**Saved entries:**
━━━━━━━━━━━━━━━━━━━━
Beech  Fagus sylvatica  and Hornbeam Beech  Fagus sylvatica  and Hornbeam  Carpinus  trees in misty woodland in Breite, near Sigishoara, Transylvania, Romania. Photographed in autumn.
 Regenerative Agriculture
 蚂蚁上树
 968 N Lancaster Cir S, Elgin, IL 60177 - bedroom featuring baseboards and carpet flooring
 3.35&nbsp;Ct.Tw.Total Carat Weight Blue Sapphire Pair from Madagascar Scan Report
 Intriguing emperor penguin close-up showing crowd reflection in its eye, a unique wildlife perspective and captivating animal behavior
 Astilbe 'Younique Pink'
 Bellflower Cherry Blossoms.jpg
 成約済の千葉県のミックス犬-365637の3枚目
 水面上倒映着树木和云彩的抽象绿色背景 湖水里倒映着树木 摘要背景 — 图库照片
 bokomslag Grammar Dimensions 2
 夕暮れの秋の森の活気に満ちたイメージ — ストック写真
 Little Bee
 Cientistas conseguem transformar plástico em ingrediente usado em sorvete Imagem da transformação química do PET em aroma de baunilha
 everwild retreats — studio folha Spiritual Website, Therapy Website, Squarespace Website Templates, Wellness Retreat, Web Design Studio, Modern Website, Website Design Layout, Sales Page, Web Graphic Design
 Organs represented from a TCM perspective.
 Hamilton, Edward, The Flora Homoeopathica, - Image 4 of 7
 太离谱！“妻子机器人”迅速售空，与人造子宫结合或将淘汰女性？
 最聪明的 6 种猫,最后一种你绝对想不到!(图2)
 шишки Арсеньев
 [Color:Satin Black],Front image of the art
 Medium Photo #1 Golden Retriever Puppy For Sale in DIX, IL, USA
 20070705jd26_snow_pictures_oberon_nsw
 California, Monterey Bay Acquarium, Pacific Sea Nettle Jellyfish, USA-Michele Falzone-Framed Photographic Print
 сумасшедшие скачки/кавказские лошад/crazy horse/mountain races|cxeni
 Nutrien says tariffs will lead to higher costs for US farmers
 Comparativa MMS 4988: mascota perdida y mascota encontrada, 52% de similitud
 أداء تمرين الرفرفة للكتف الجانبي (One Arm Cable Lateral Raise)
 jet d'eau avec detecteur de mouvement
━━━━━━━━━━━━━━━━━━━━
**What the exercise asks:** All lines in the entries above that hold the word "perspective" need to be copied.

**Exercise answer:**
 Intriguing emperor penguin close-up showing crowd reflection in its eye, a unique wildlife perspective and captivating animal behavior
 Organs represented from a TCM perspective.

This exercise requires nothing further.